Un soupçon fondé n’exige pas que l’on soit certain de l’existence d’un acte criminel ou d’un délit fiscal qualifié. Il faut toutefois qu’il y ait plus que de simples apparences inhabituelles au sens de l’art. 6 LBA.

Si les clarifications selon l’art. 6 LBA n’aboutissent à aucun résultat et que le soupçon subsiste, il y a alors obligation de communiquer.

Si la clarification de l’arrière-plan de relations d’affaires inhabituelles ou suspectes fait apparaître une relation possible avec une organisation terroriste, il s’impose également d’en informer sans délai le Bureau de communication en matière de blanchiment d’argent.

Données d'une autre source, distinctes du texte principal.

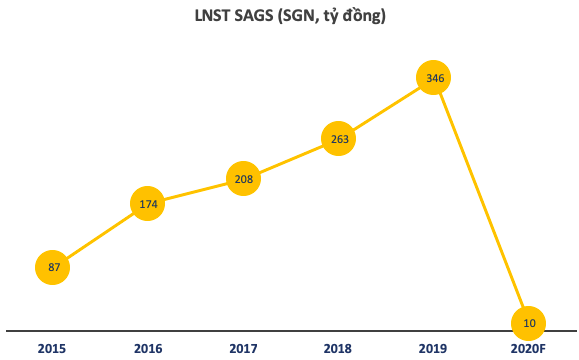 ĐHĐCĐ SGN: Nhóm cổ đông lớn SSI giới thiệu thêm 1 thành viên BKS nhiệm kỳ 2020-2025, đặt chỉ tiêu kinh doanh thận trọng trước lo ngại Covid-19 - Ảnh 1.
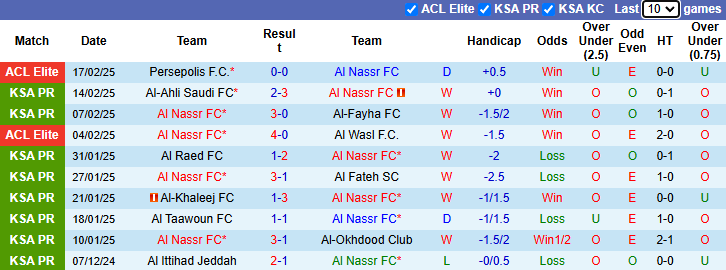 Nhận định, soi kèo Al Nassr vs Al-Ettifaq, 0h00 ngày 22/2: Ronaldo gặp khó - Ảnh 2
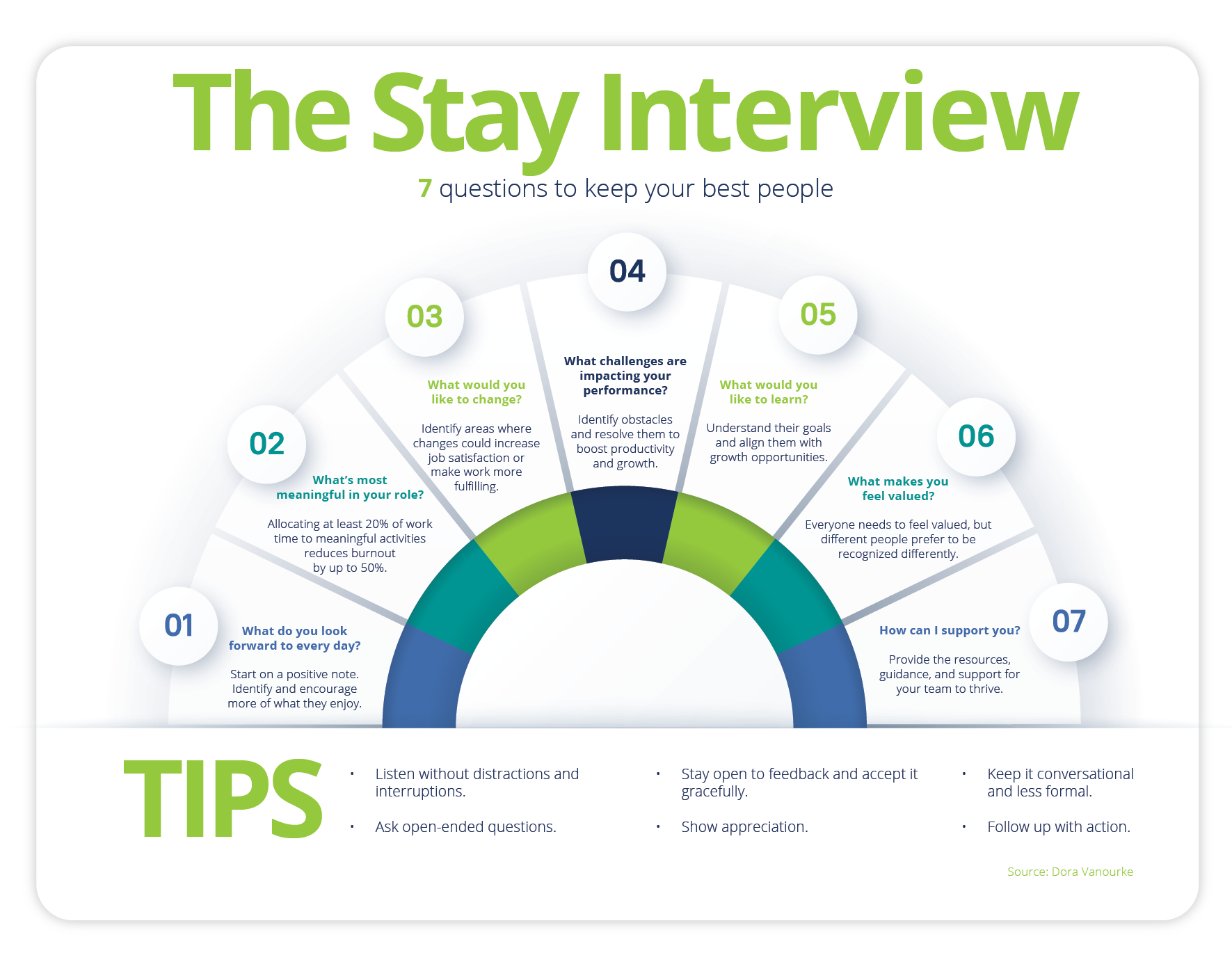 7 Questions to Keep Your Best People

Le Bureau de communication à l’Office fédéral de la police (fedpol) doit être informé "sans délai" (art. 9, al. 1 LBA).

Selon l’art. 9, al. 1 LBA, un intermédiaire financier doit informer sans délai le Bureau de communication en matière de blanchiment d’argent (Bureau de communication) lorsqu’il sait ou présume, sur la base de soupçons fondés, que les valeurs patrimoniales impliquées dans la relation d’affaires:

  1. ont un rapport avec une infraction au sens de l’art. 260ter, ch. 1 ou de l’art. 305bis CP,
  2. qu’elles proviennent d’un crime ou d’un délit fiscal qualifié,
  3. qu’une organisation criminelle exerce un pouvoir de disposition sur ces valeurs, ou
  4. qu’elles servent à financer le terrorisme (art. 260 quinquies, al. 1 CP).

Par "négociations en vue d’établir une relation d’affaires", on entend la période entre l’arrivée de la proposition signée au siège principal de la compagnie d’assurance et son acceptation par cette dernière (conclusion du contrat).

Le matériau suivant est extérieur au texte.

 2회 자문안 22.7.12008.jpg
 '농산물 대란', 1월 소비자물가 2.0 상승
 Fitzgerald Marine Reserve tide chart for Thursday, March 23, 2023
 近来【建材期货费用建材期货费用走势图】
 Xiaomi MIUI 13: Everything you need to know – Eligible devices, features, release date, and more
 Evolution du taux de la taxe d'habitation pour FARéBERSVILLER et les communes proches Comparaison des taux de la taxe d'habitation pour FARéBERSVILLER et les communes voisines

En cas de rupture d’une relation d’affaires, l’intermédiaire financier n’est tenu de communiquer que sur la base des informations dont il disposait au moment de la rupture. Cette extension de l’obligation de communiquer n’entraîne pas un devoir de clarification supplémentaire pour l’intermédiaire financier. Il n’a pas à exiger des informations supplémentaires du "client", ni à faire des recherches particulières pour étayer ses soupçons.

Le droit de communiquer exerce pour ainsi dire une fonction charnière. Ceci en rapport avec des doutes existant sur la légalité des valeurs patrimoniales, sans qu’il puisse y avoir un soupçon fondé, vu que des informations précises à ce sujet font défaut et qu’elles ne peuvent plus être obtenues du cocontractant, faute de coopération. L’intermédiaire financier dispose, dans ce sens, d’une alternative à la communication selon art. 9 LBA, vu que ses clarifications qui n’ont pas abouti seront maintenant entreprises pour ainsi dire ex officio par une autorité pénale cantonale par voie d’ordonnance (Detlev M. Basse, Know your customer/client [Referat Seminar SRO-SAV/SNV vom 24. September 2002] Anm. 38).

Ad al. 2:

Si la compagnie d’assurance fait une communication au sens de l’art. 9 LBA, une relation d’affaires en cours ne peut plus être interrompue. Une rupture de la relation d’affaires est encore possible après l’exercice du droit de communiquer des soupçons simples selon art. 305ter CP. Néanmoins, il est recommandé de ne mettre les valeurs patrimoniales à la disposition du client que moyennant conservation du paper trail (par de versements en espèces).

Ad al. 3:

La communication doit se faire conformément aux modèles/exigences formels fournis par le Bureau de communication en matière de blanchiment d’argent (p. ex. également des communications via un portail en ligne; cf. www.fed-pol.admin.ch). Lors de l’annonce, il faut tenir compte des limites imposées par la législation en matière de protection des données (par exemple, anonymat des tiers non impliqués).

ad al. 4:

Dans des cas de communication déterminants, c’est-à-dire lorsque les valeurs patrimoniales impliquées sont importantes, ou si la communication pouvait avoir des incidences sur la réputation de la place financière suisse, il y a obligation d’informer directement la FINMA.